A novel LES method for predicting drag reduction in viscoelastic fluid based on the time period of turbulence structures

Abstract

Direct numerical simulations (DNS) of turbulent channel flow of viscoelastic fluid were performed with the Oldroyd-B model as a constitutive equation to identify the temporal characteristics of turbulence structures. First, using the results of the DNS in a minimal flow unit (MFU), temporal variations in the energy input and dissipation rates in fully developed wall turbulence of viscoelastic fluid were observed and compared with those of Newtonian fluid. Then, a modified time scale reflecting the local turbulence state was proposed by considering the temporal variation in the viscous stretching stress intensity. It was also found that the idea of the modified time scale could be extended and applied locally to viscoelastic fluid turbulence in a more significant computational domain than MFU to investigate the temporal characteristics of the turbulence structures. Finally, using the local modified time scale, a prediction method employing large eddy simulation for Newtonian fluid turbulence was extended for viscoelastic fluid turbulence.
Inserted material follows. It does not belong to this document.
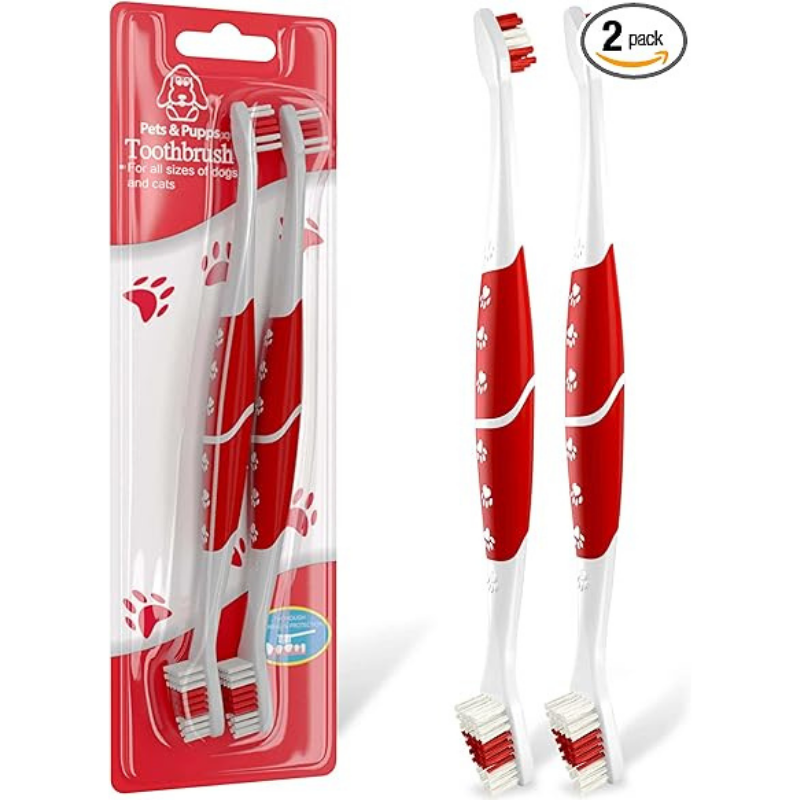 Pet Toothbrush for Dogs & Cats  Dual‑Head Soft Bristles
We proved that the drag reduction of viscoelastic fluid turbulence could be accurately predicted with a drag reduction ratio of approximately 40% by using the local modified time scale and the model in the constitutive equation. • The characteristics of viscoelastic fluid turbulence were observed from DNS results. • Active and hibernating turbulence states were compared with those in Newtonian fluid. • A local modified time scale which reflected the local turbulence state was proposed. • LES was extended using the modified time scale for viscoelastic fluid turbulence. • The proposed LES could predict the drag reduction of viscoelastic fluid turbulence.